With Every Step by Cadigan Neil;

Author:Cadigan, Neil;
Language: eng
Format: epub
Publisher: Schwartz Publishing Pty. Ltd


DAYS 295–310, 17 OCTOBER–1 NOVEMBER 2011

ROEBOURNE TO ROEBUCK PLAINS ROADHOUSE (766 KM)

After three successive 50-plus-kilometre days, Cad made it to his next bit of civilisation at South Hedland and was quickly befriended by a big Kiwi, Tom, who was the publican at the Hotel Fini in Port Hedland. Big Tom organised a fundraising night at the pub, which involved Cad again making a speech, something he had become comfortable doing. Yet he was very uncomfortable (just like his old man) when Tom called him up to sing karaoke. The good news was that Tom spared him total embarrassment by doing a duo with him; the bad news was that it was the Proclaimers’ song ‘500 Miles’. The fact that $1425 was raised softened his displeasure. ‘Tom is a legend, I won’t forget him in a hurry,’ Cad wrote.

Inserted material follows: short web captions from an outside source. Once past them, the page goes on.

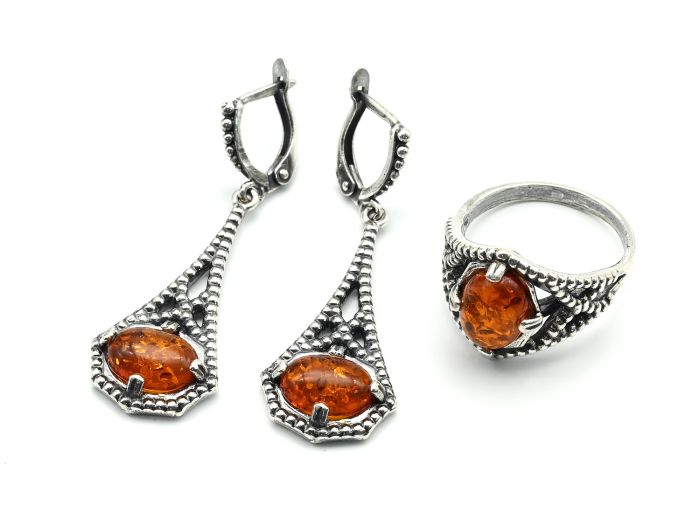 Set with amber ring, Eiffel Tower earrings 16*35mm cognac, size 19.5, 7.3g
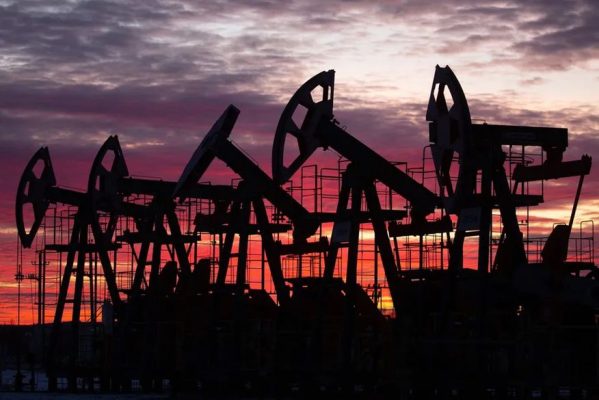 100941542-oil-pumping-jacks-also-known-as-nodding-donkeys-in-an-oilfield-near-neftekamsk-in-the-repu-599x400 Rússia diz que ‘não aceitará’ preço máximo de US$ 60 em seu barril de petróleo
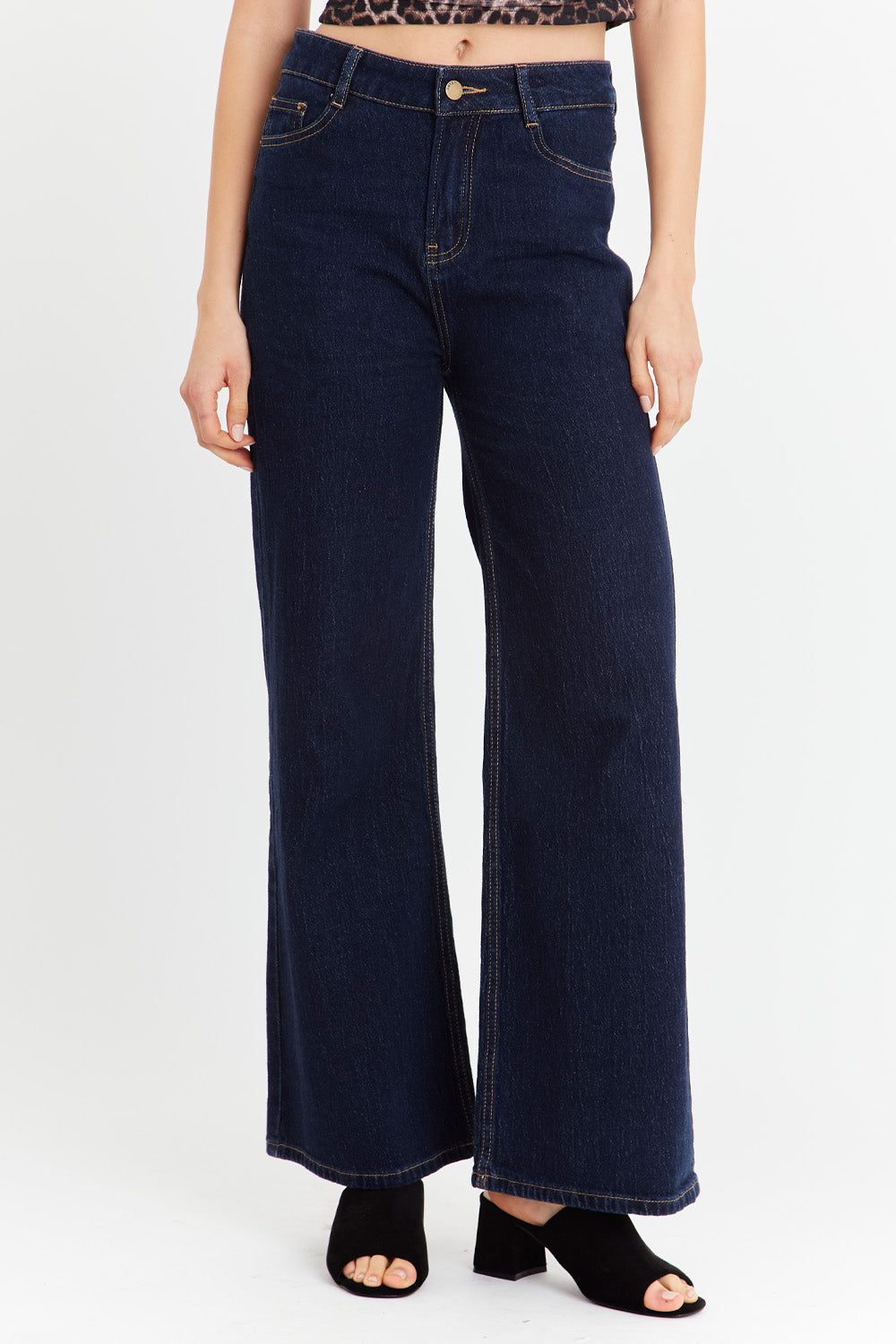 Jeans Básico Pierna Acampanada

The Pilbara was certainly the most productive region for donations, and Cad was accepting hundreds each day from those who stopped along the way, on top of the lucrative fundraising evenings at Eramurra, Karratha and Port Hedland; obviously, a front-page story and photograph in the Pilbara News and a television interview had lifted awareness of who he was and what he was doing. Contrasting that was the fact he felt dreadful, with a bad cough and chest cold, but that didn’t stop him walking a minimum of 40 kilometres a day for twelve of the next thirteen days while the thermometer nudged 40 degrees.

In fact, he took only sixteen days, not the planned eighteen, to get from Roebourne to Broome, thanks to an average of 48 kilometres a day on the logbook and one day off (at the Sandfire roadhouse), making it his most intense period since the Nullarbor. (Mind you, he’d had twenty-one of the previous forty-eight days off since reaching Monkey Mia with Josh.) The blisters on his feet were as bad as they had ever been, and the chafing was back in earnest.

He was physically and mentally shot in the last days before Broome, however the thought of relaxing in Fiji with familiar faces was ample incentive not to slow down. For days he could see storms to the north, and when he finally encountered rain for the first time in about three months he actually rejoiced, standing in the middle of the highway, shirt and shoes discarded, with arms outstretched with his head to the sky, screaming, ‘Yes. Yes! It’s not hot and there are no flies … Yesssssss!’

Andrew decided he’d walk only to the Roebuck Plains roadhouse, which was at the junction of the road to Broome and the Great Northern Highway where it took a right-hand turn towards the Northern Territory. He was done. He’d pushed himself enough. He couldn’t be bothered continuing by foot to Broome and would cover that ‘dog-leg’ on his return.